▶ _Your objective_: Would you return, word for word, the lines of the data below from the line with "Immagine 4 di" through the line with "ツナポテトサラダ🥗カレー風味♡作り方4写真", and no others?

▶ _Listed entries_:

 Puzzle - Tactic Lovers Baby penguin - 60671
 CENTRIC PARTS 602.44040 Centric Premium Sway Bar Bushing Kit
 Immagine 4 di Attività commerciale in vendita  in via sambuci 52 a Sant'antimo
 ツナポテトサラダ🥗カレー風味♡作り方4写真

--

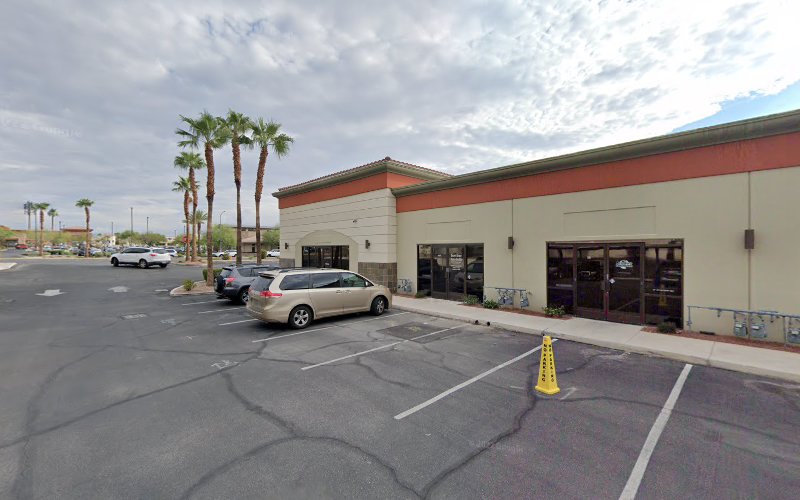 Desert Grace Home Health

▶ _Answer box_:
 Immagine 4 di Attività commerciale in vendita  in via sambuci 52 a Sant'antimo
 ツナポテトサラダ🥗カレー風味♡作り方4写真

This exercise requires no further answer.